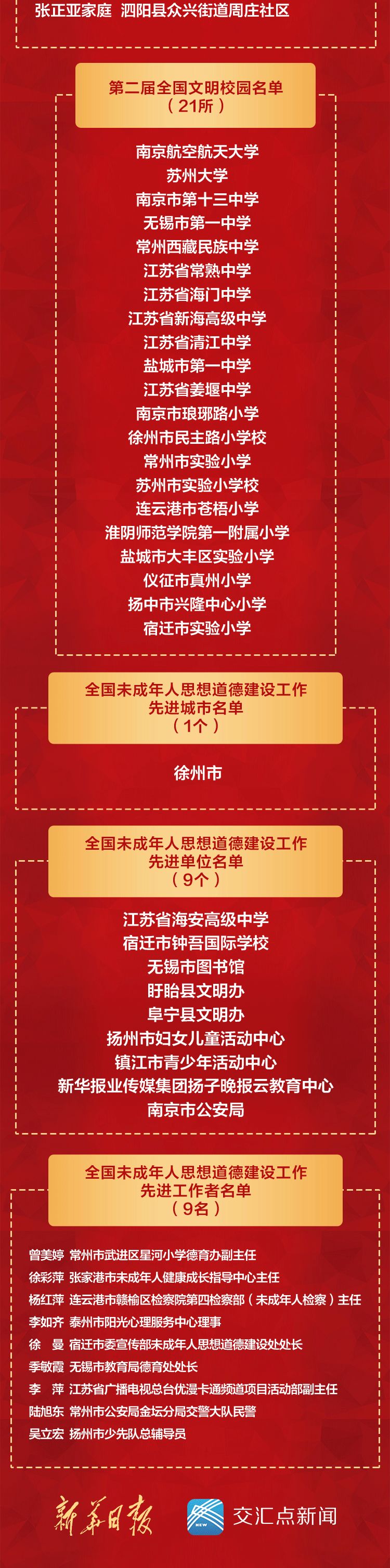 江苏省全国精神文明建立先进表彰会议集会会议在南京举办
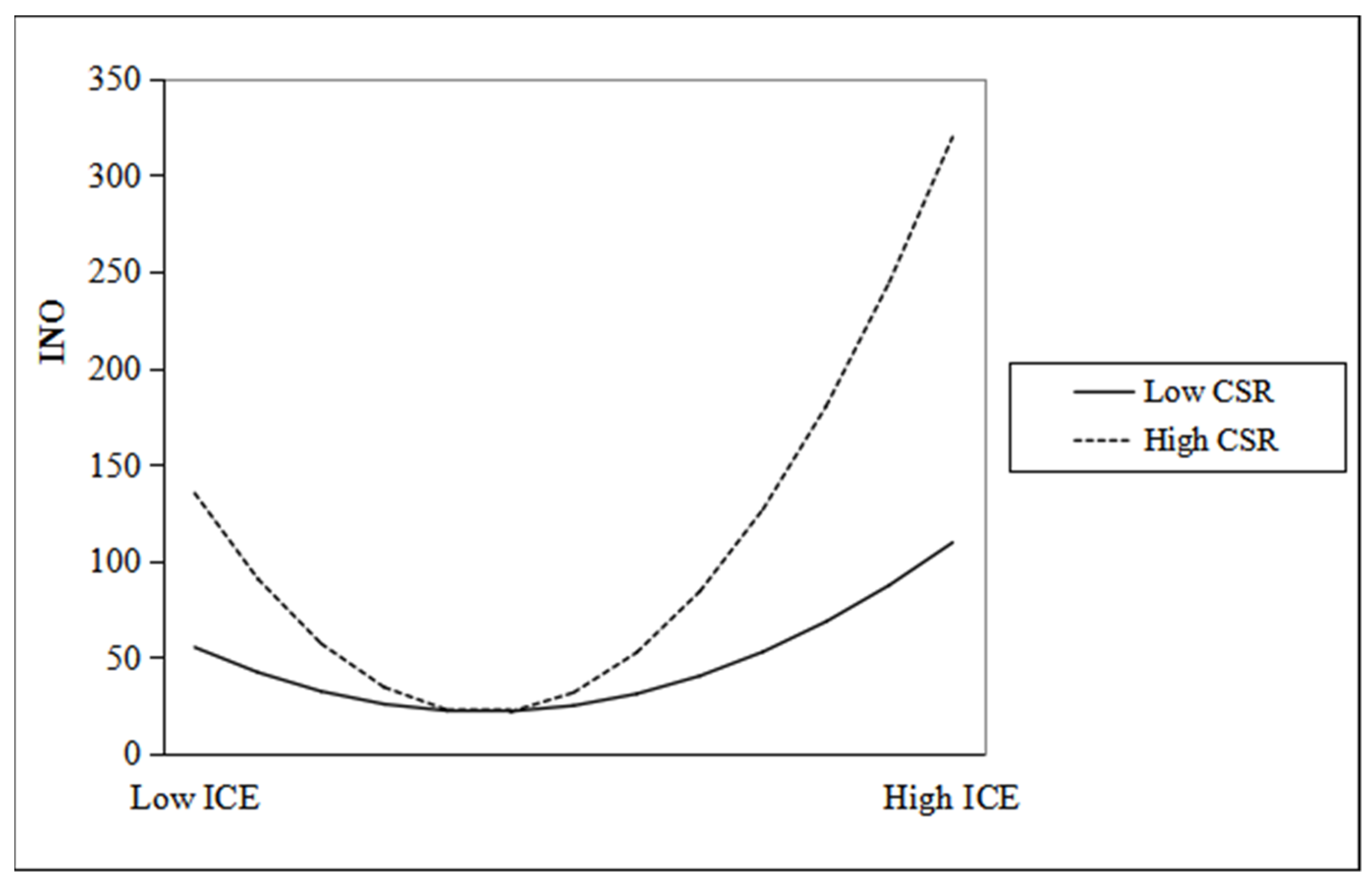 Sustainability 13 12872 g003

══════════

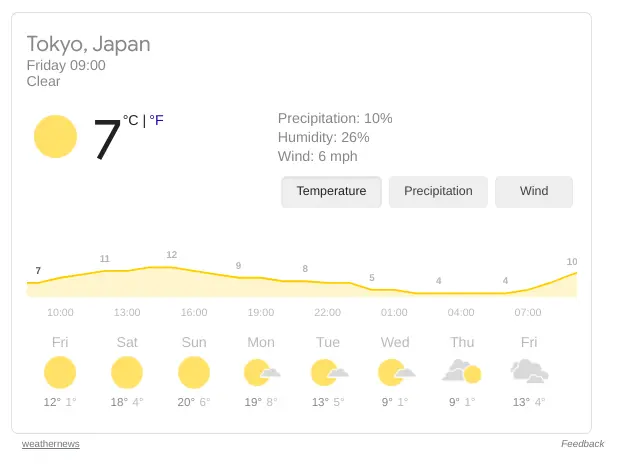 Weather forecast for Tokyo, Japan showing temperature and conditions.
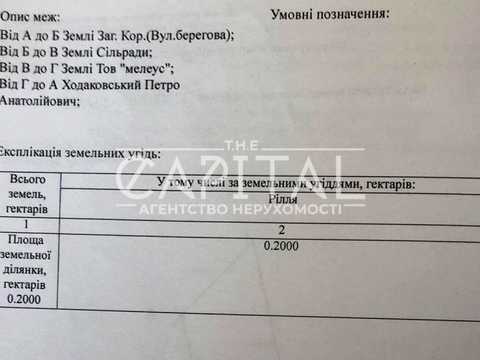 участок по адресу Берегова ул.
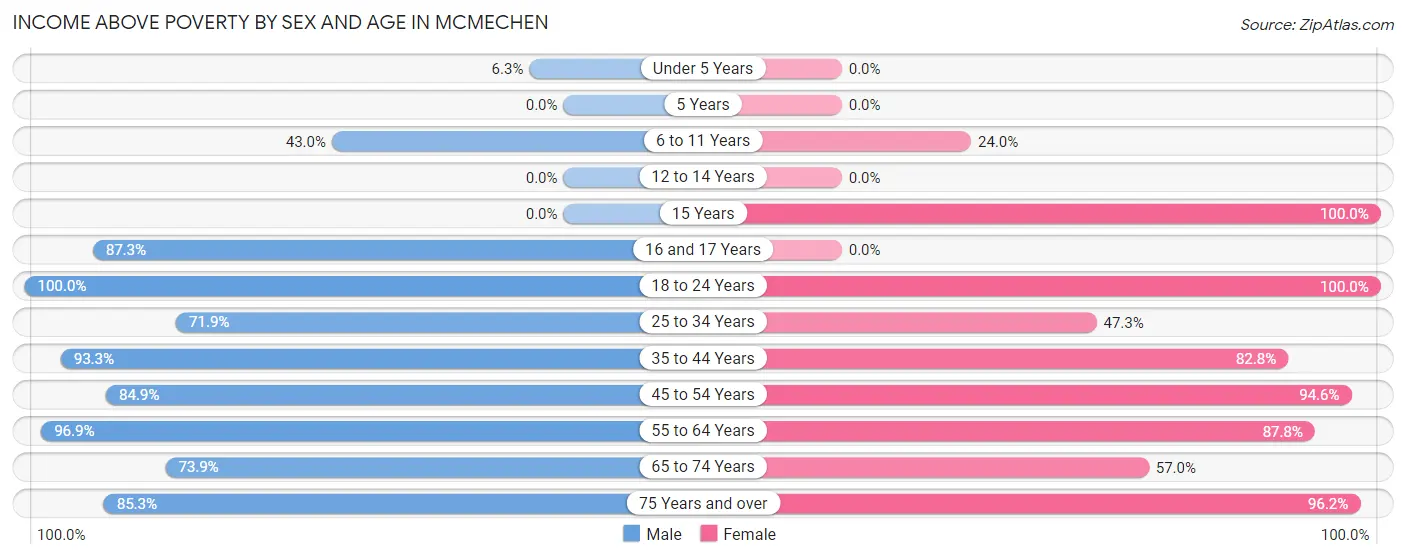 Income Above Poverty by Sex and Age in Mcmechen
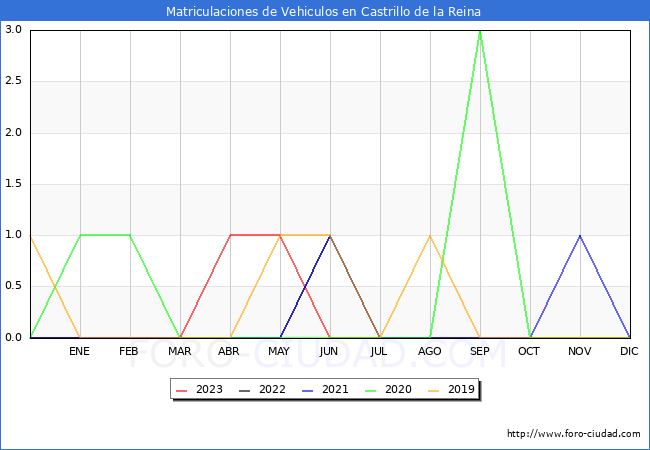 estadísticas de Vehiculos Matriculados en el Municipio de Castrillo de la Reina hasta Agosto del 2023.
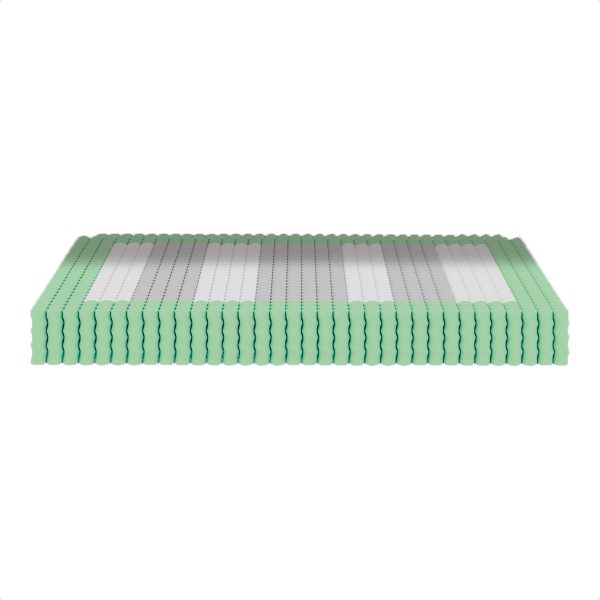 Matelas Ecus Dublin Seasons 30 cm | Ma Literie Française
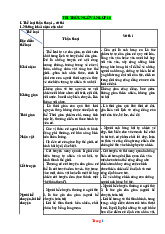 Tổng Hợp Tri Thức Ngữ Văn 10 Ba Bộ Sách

══════════

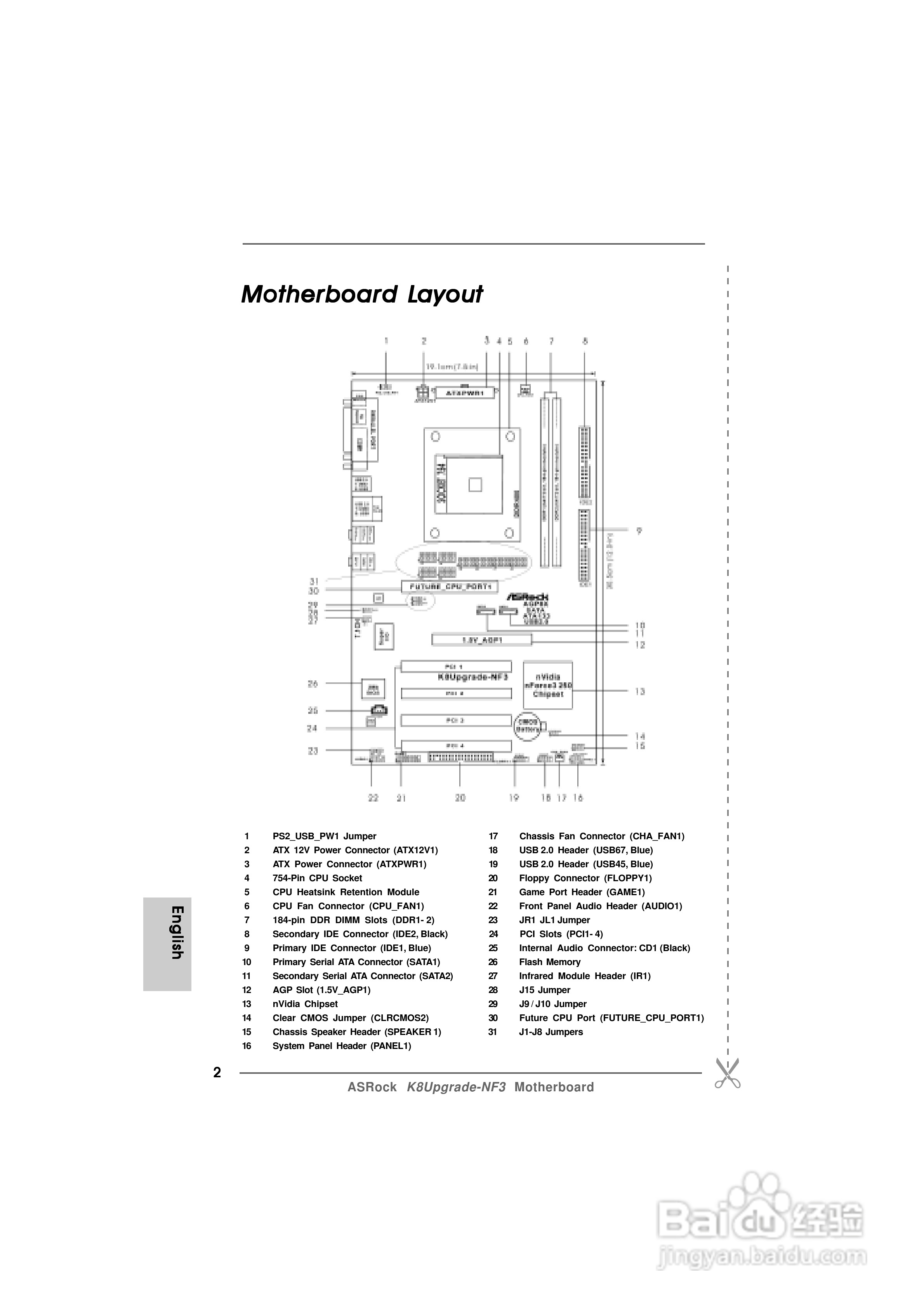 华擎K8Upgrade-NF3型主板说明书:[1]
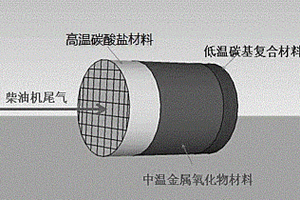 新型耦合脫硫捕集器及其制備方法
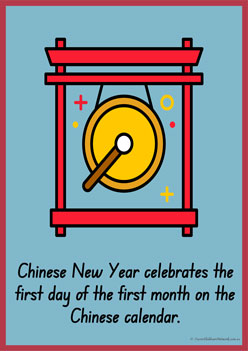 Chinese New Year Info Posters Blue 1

══════════

- _TASK BRIEF_
Your answer must be the exact lines from the records above, from the one containing "Income Above Poverty" through the one containing "Tổng Hợp Tri Thức Ngữ Văn 10 Ba Bộ Sách", both included, with every picture left out.

- _RESULT BELOW_
 Income Above Poverty by Sex and Age in Mcmechen
 estadísticas de Vehiculos Matriculados en el Municipio de Castrillo de la Reina hasta Agosto del 2023.
 Matelas Ecus Dublin Seasons 30 cm | Ma Literie Française
 Tổng Hợp Tri Thức Ngữ Văn 10 Ba Bộ Sách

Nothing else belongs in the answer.